Install the Java environment First (this is really ubuntu13.04, with the following path is different only)
1. First confirm that the JDK package is on your disk or on your hard drive
2. Copy the compression package from the U disk to this directory------cp-r/media/uit/mydisk/hadoop/jdk-7u45-linux-i586.tar.gz


/USR/LIB/JVM (It is important to note that this version number of Ubuntu comes with a jdk.) It's just that. I did it myself once, because the path I didn't know where I came from.


, or you can put it on your own again)
3. Enter the directory under--CD/USR/LIB/JVM;
4. Unpack this package-----sudo tar-zxvf jdk-7u45-linux-i586.tar.gz do not write another path, is to extract directly to the current folder


。 Suppose you want to unzip to another folder and add it later (assuming you need permission to unzip it).

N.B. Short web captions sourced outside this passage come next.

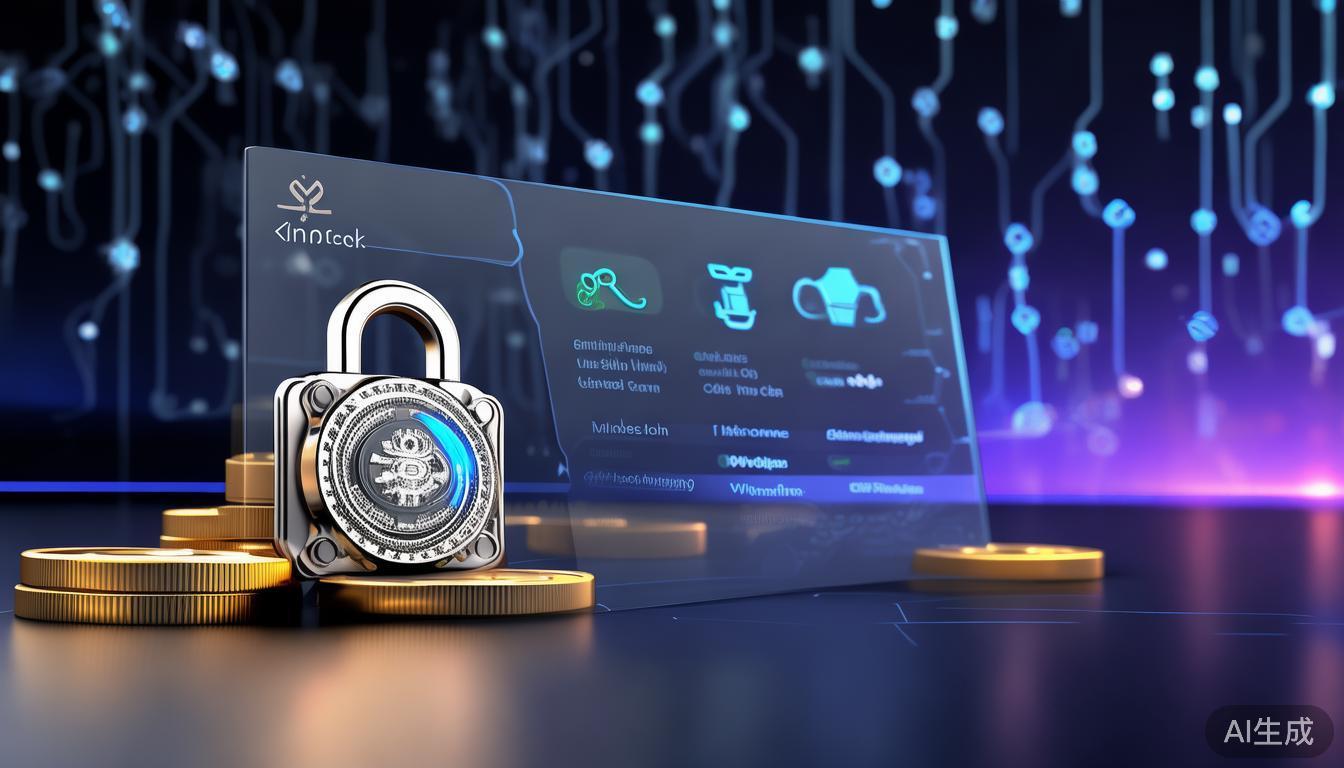 增强金融投资水平？imToken钱包2.0是你的绝佳选择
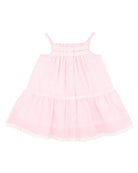 Bebe Willa Stripe Dress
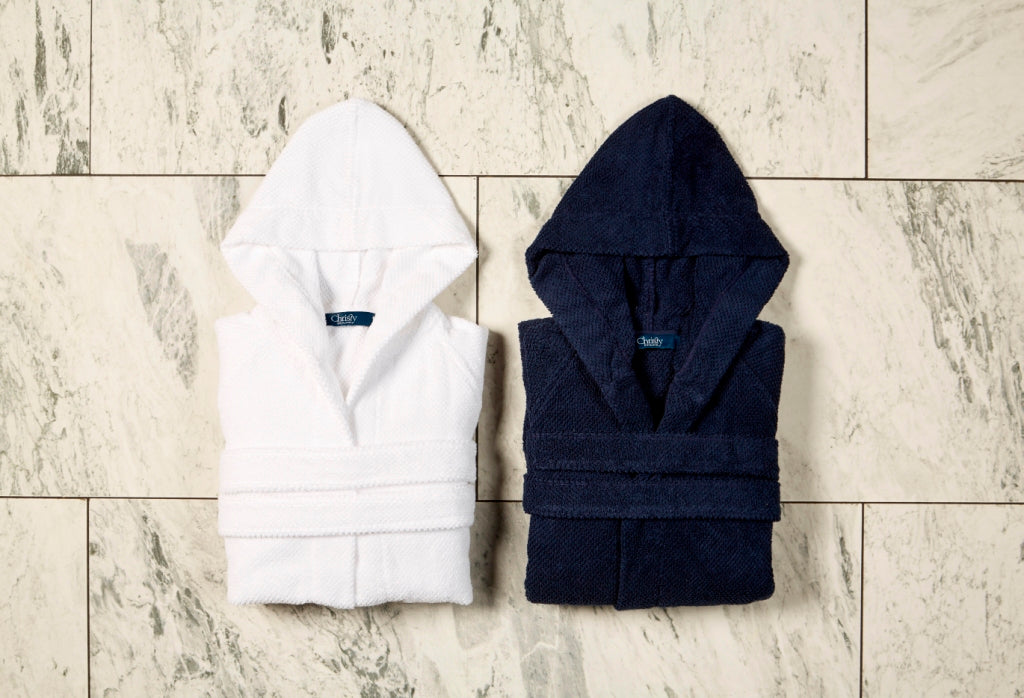 أردية حمام كريستي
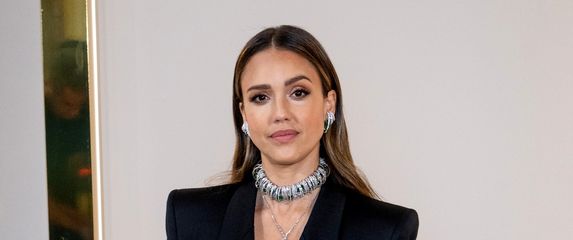 Jessica Alba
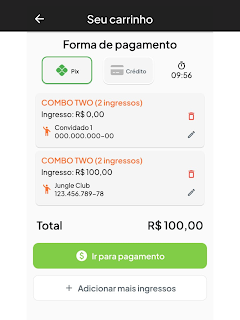 Jungle Club
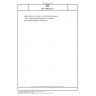 DIN 19643-2/A1 Aufbereitung von Schwimm- und Badebeckenwasser - Teil 2: Verfahrenskombinationen mit Festbett- und Anschwemmfiltern; Änderung A1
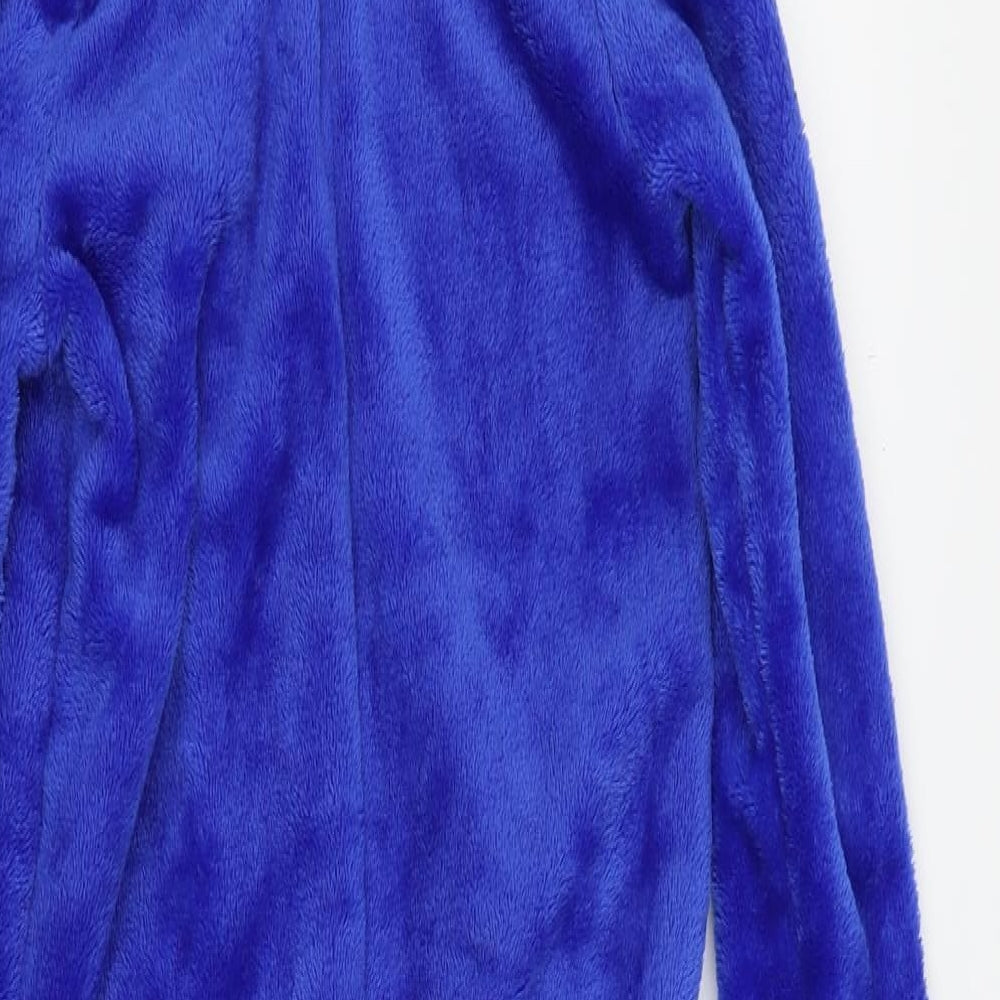 Marvel Boys Multicoloured Solid   One Piece Size 6-7 Years  - Spiderman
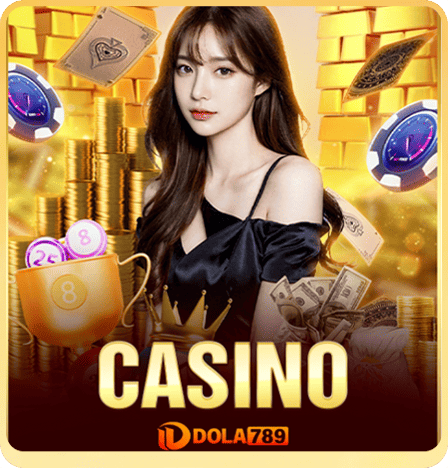 casino trực tuyến Dola789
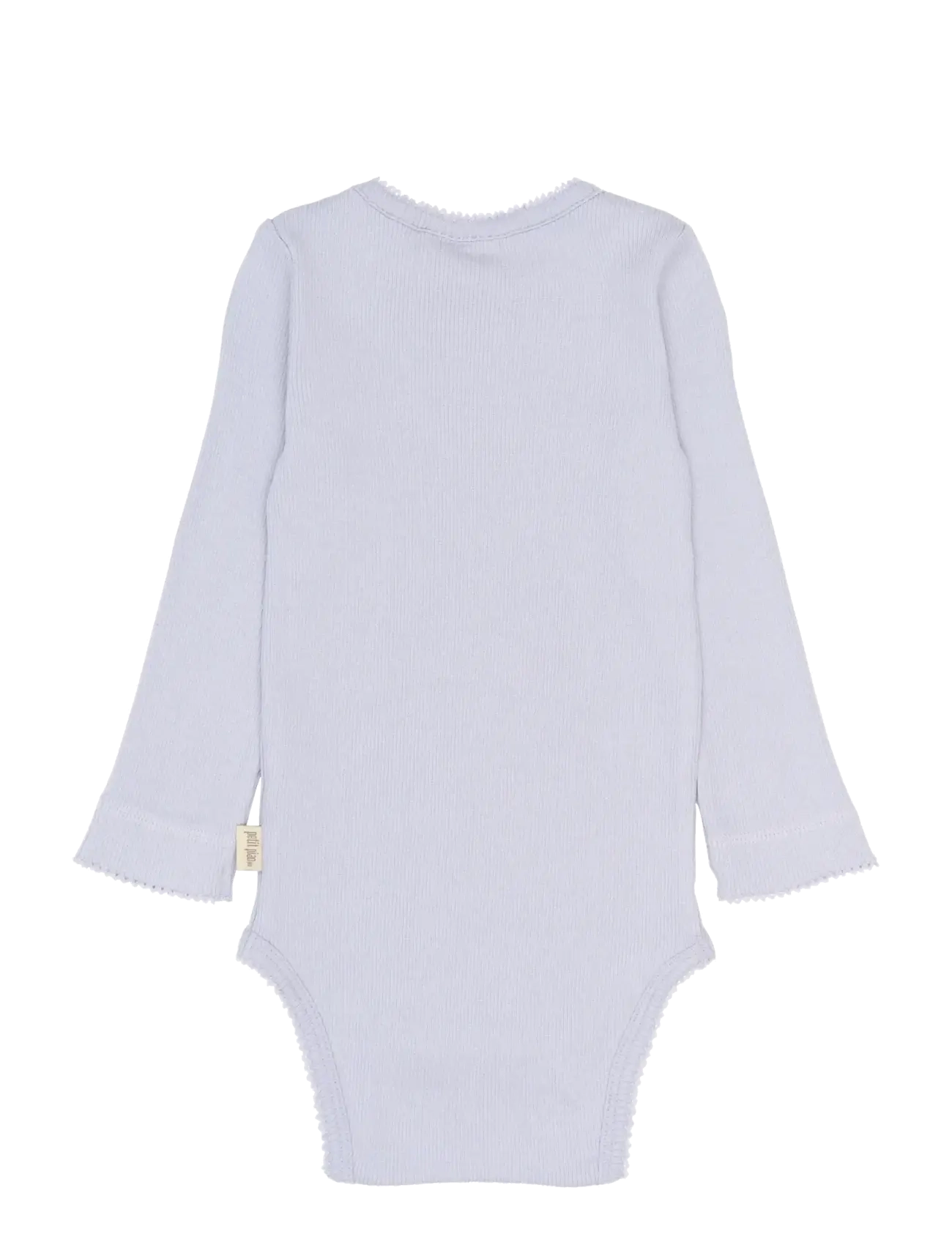 Petit Piao - PPSea L_S Body - long-sleeved bodies - cosmic sky - 1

Enter sudo-s and enter your login password to do it)
5.--sudo Gedit/etc/profile after decompression
6. Add-------#Set Java environment at the back of the
Export java_home=/usr/lib/jvm/jdk1.7.0_45
Export classpath= $CLASSPATH: $JAVA _home/lib: $JAVA _home/jre/lib
Export path= $PATH: $JAVA _home/lib: $JAVA _home/jre/bin: $PATH: $HOME/bin
(These paths are to be filled out according to their actual situation)


7. Get rid of the default settings for the system---sudo update-alternatives--install/usr/bin/java java
/usr/lib/jvm/jdk1.7.0_45/bin/java 300

sudo update-alternatives--install/usr/bin/javac javac
/usr/lib/jvm/jdk1.7.0_45/bin/javac 300


sudo update-alternatives--config Java (This assumes that Ubuntu has its own JDK, so you can make a choice.) Choose your own JDK option here)

sudo update-alternatives--config javac


8. Enter Java-version to see the version number information, you can:
Java Version "1.7.0_45"
Java (TM) SE Runtime Environment (build 1.7.0_45-b18)
Java HotSpot (TM) Client VM (build 24.45-b08, Mixed mode)







/*
Install the Java environment (this is Xbuntu 13.10 Java environment):
1. First create a directory under Ubuntu-------CD usr;
mkdir Java;
2. Copy the compression package from the U disk to this directory------cp-r/media/uit/mydisk/hadoop/jdk-7u45-linux-i586.tar.gz/usr/java
3. Enter the directory under--CD Java;
4. Unpack this package-----sudo tar-zxvf jdk-7u45-linux-i586.tar.gz do not write the other path, is directly extracted to the current folder, if you want to extract to another folder in the back add can (assuming that the decompression when the need for permission, input s Udo-s then enter your login password you can)
5.--sudo Gedit/etc/profile after decompression
6. Add-------#Set Java environment at the back of the
Export java_home=/usr/java/jdk1.7.0_45
Export classpath= $CLASSPATH: $JAVA _home/lib: $JAVA _home/jre/lib
Export path= $PATH: $JAVA _home/lib: $JAVA _home/jre/bin: $PATH: $HOME/bin
(These paths are to be filled out according to their actual situation)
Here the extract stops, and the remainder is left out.